Ein starkes Indiz dafür ist jedoch, wenn die Betrachtung eines Kunstwerkes dazu führt, dass Geist und Emotionen gleichermaßen angeregt werden. Ein gutes Bild macht uns neugierig und reizt zum Hinterfragen und Erkunden. Es ruft etwas hervor, das nicht mit Worten allein beschrieben oder mit dem Verstand erdacht werden kann. Zur selben Zeit löst es – häufig widersprüchliche – Emotionen aus.
Einzelne, stark konzentrierte Tropfen oder lasierende Verwischungen. Pinselstriche, die im Nichts oder auch außerhalb des Bildgrundes enden. Organische Formen, die in Wirklichkeit abstrakte Bildelemente sind. Eine Reichhaltigkeit gleich dem Prinzip der Natur selbst trifft in einem Werk auf strenge Reduktion in der Gesamtkomposition. Lockere, malerische Geste teilt sich den Bildgrund mit präzisen Setzungen. Schwerkraft und Schwerelosigkeit liefern sich ein Tauziehen innerhalb der Komposition, bei dem niemand die Oberhand gewinnt. Man könnte diese nur scheinbaren Widersprüche fortsetzen, doch das Prinzip wird auch so klar: Der Prozesscharakter ihrer Arbeiten ist wichtig für Beatrice Richter; die künstlerische Herausforderung ist es, diesen im Bild zu konservieren ohne ihn gleichzeitig zu zerstören.
Diese Spannung spüren auch wir als BetrachterIn. Automatisch versuchen wir, in den faktisch abstrakten Elementen unserer Wahrnehmung vertraute Objekte auszumachen: Schmetterlinge, Blumen, Gräser, Meerestiere – um nur einige Möglichkeiten zu nennen. Da diese Festlegung der Formen auf ein konkretes Ding jedoch nicht gelingen kann, hat die Auseinandersetzung mit den Arbeiten Richters etwas Ungelöstes – Betrachter und Werk bleiben somit quasi dauernd im Zwiegespräch.

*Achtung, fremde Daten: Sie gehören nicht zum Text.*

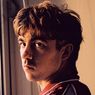 Lirik dan Chord Lagu Isombard - Declan McKenna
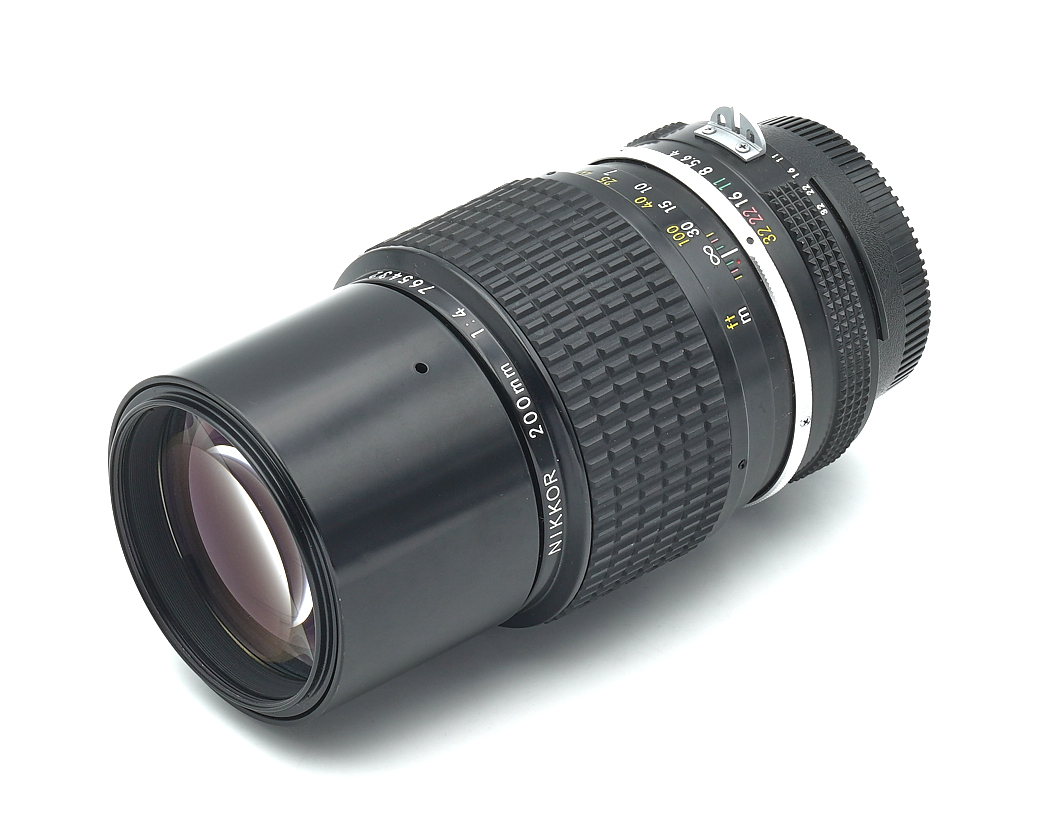Objektiv, Nikkor, Teleobjektiv Zoom, Metallisch-schwarz, Blendenmarkierungen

Um die Liste der Widersprüchlichkeiten noch zu verlängern, sollte man erwähnen, dass Beatrice Richter als Meisterschülerin einer Malerei-Klasse an der Düsseldorfer Kunstakademie abgeschlossen hat, jedoch Papier in ihrem Œuvre eine herausragende Rolle spielt. Vor allem bei ihren früheren Werken war Tusche auf Papier das bevorzugte Medium. Darüber hinaus ist der für diesen Katalog gewählte Titel helianthus, was nicht nur der botanische Begriff für Sonnenblume ist, sondern auch der Name des Pigments, das von der Künstlerin konstant über die Jahre verwendet wurde, eine Hommage an die Arbeit auf Papier. Dennoch sind die Werke Richters vom Duktus her eindeutig malerisch.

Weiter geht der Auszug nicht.